4 Replies Latest reply: Jun 4, 2017 9:28 AM by Cheenu Janakiram RSS

    Categorizing a Field

    Michael Ellerbeck

      I was helping a guy here at work, and he had some data that was similar that he wanted to be categorized together.

       

      i.e.  Big Dog, The Dog, would all have the category of DOG

       

      I did it using an applymap and wildmatch. How would you do it?

       

      I ran across this post http://www.qlikfix.com/2010/10/18/regular-expressions-in-the-load-script/ which is interesting. I do think it would be cool to have native regex in QV!

       

      Category_Map:

      MAPPING

      LOAD * INLINE [

          x,y

          1,RED

          2,PINK

          3,BLUE

      ];

       

       

      Initial_Data:

      LOAD * INLINE [

          ID, Category

          123, Red Paint

          223, The Red Paint

          323, Pink

          423, Pink Paint

          523, Blue Paint

      ];

       

       

      QUALIFY *;

      Transformed_Data:

      Load

                ID,

                // Use the applymap to classify the profession, 1000 is the default-value

                // if the applymap does not find a match

                applymap('Category_Map',Wildmatch(Category,'*red*','*pink*','*blue*'),'None') as Category

      RESIDENT Initial_Data;

       

       

      Drop table Initial_Data;

        • Re: Categorizing a Field
          Cheenu Janakiram

          Hi Michael,

           

          Your approach seems to be one I would use. Below is a variant you might also want to consider, where the "wildmatch string" is actually generated on the fly rather than having to type it out in the applymap/wildmatch.

           

          Check below. I have used this "technique" to allow users to make data enrichment and custom categorisations, as well string searching for information.

           

          Hope this adds on a new layer you can use elsewhere - although my answer to your post is a few years "late" (i.e.
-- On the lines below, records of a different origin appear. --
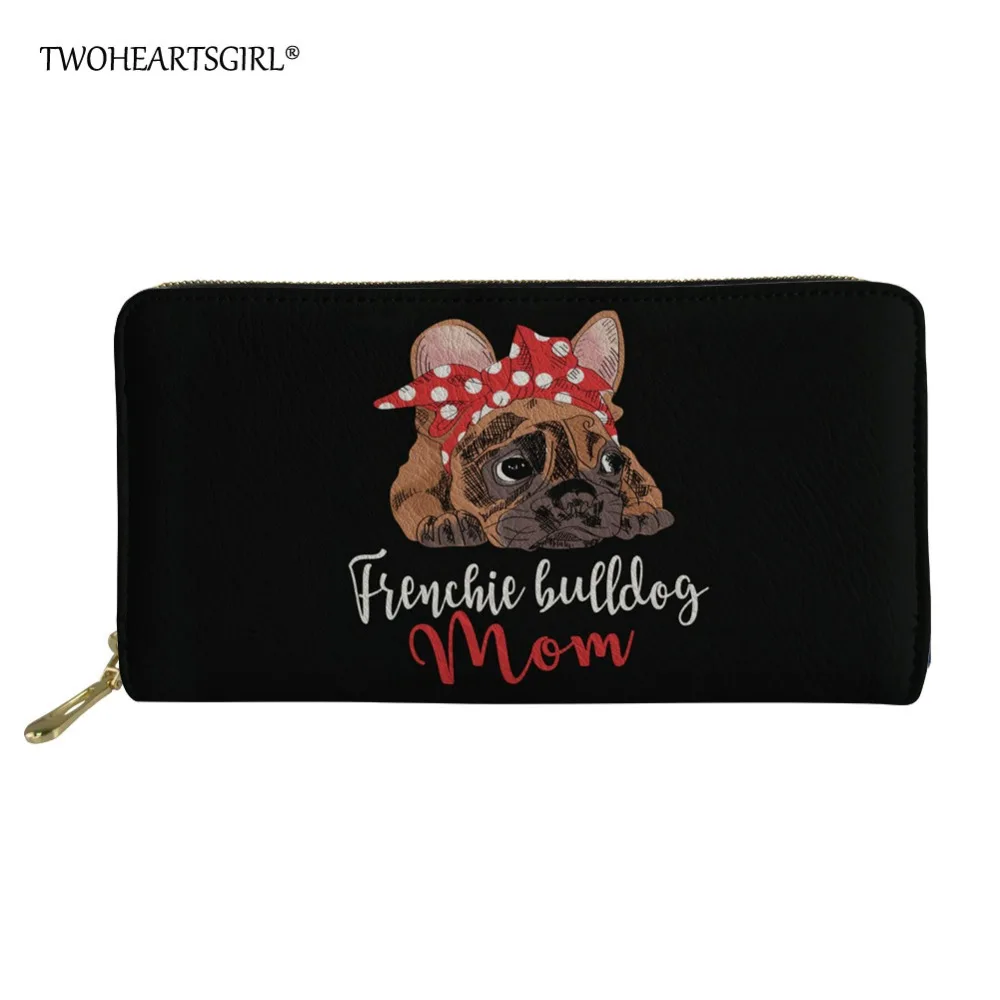 Twoheartsgirl Black French Bulldog Print Women Wallets Phone Bag Cute Girls Ladies Clutch Purse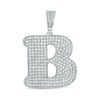 Thumbnail Image 0 of Cubic Zirconia Pavé "B" Initial Necklace Charm in Sterling Silver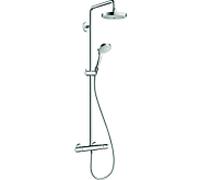 hansgrohe Croma Select S 180 2jet 27254400 tube de douche, blanc chromé , EcoSmart 9 litres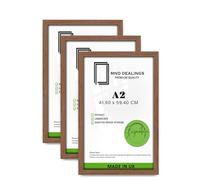 MND Dealings Pack of 3 Classic Flat Style A2 (41.90 x 59.40 CM) Picture/Poster Frames | MDF Wood| Home Office Living Room Décor Photo Frame Certificate Jigsaw Puzzle Frames-23x16 Inch [ Walnut ]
I was looking to see if this 'technique' was worth blogging and came across your string).

           

          cheerio,

           

          C  ;o)

           

          //Script start here

          WildmatchStrings_Temp:

          //2. Create a numerical equivalent for each line/string of data in table:

          LOAD *, Rowno() as OrdinalPosition;

          //1. Original strings against which you are trying to match:

          LOAD * INLINE [

               Clean_Name_as_Category, WildMatchString

               Accenture, accenture

               Hitachi, hitachi

               US Department of Army, u*s*d*p*t*army

          ];

           

          //Create a field with all strings which you will put in a variable and is sequentially 'ordered' as it is in above table:

          Var_WildMatchString:

          LOAD CHR(39) & '*' & Concat(DISTINCT WildMatchString, '*' & CHR(39) & ',' & CHR(39) & '*', OrdinalPosition) & '*' & CHR(39) as Var_WildMatchString RESIDENT WildmatchStrings_Temp;

           

          //Insert value in var:

          LET vVar_WildMatchString = PEEK('Var_WildMatchString', 0, 'Var_WildMatchString');

          DROP TABLE Var_WildMatchString;

           

          //Reload table as Mapping table:

          WildMatch_Map:

          MAPPING LOAD

               OrdinalPosition,

               Clean_Name_as_Category

          RESIDENT WildmatchStrings_Temp;

           

          DROP TABLE WildmatchStrings_Temp;

           

          THE_FACT_TABLE:

          LOAD

               *,

               ApplyMap('WildMatch_Map', WildMatchOrdinalPosition) as Clean_Name_as_Category

          ;

          LOAD

               *,

               Wildmatch(AccountNames, $(vVar_WildMatchString)) as WildMatchOrdinalPosition

          ;

          LOAD * INLINE [

              AccountNames

              Accenture Pvt Ltd

              Accenture Private Limited

              Accenture Consulting

              Hitachi Systems Ltd

              Hitachi System Limited

              Hitachi France

              Us Department of Army

              United States Department of Army

              us dept army

          ];

          //end script here

          • Re: Categorizing a Field
            Vineeth Pujari

            This can be simplified using MapSubstring, but the only thing with this is that MapSubstring is case sensitive

             

            as below

             

            Category_Map:

            MAPPING

            LOAD * INLINE [

                y,x

                RED,<RED>

                PINK,<PINK>

                BLUE,<BLUE>

            ];

             

             

            Initial_Data:

            LOAD * ,textbetween(MapSubString('Category_Map', UPPER(Category)),'<','>') as Description

              INLINE [

                ID, Category

                123, RED Paint

                223, The Red Paint

                323, PINK

                423, Pink Paint

                523, Blue Paint

            ];

            • Re: Categorizing a Field
              Vineeth Pujari

              btw if you have less categories you don't need a Mapping table just Pick(Wildmatch( will do

               

              Initial_Data:

              LOAD * , Pick(Wildmatch(Category,'*red*','*pink*','*blue*')+1,'None','Red','Pink','Blue') as NEWCategory INLINE [

                  ID, Category

                  123, Red Paint

                  223, The Red Paint

                  323, Pink

                  423, Pink Paint

                  523, Blue Paint

              ];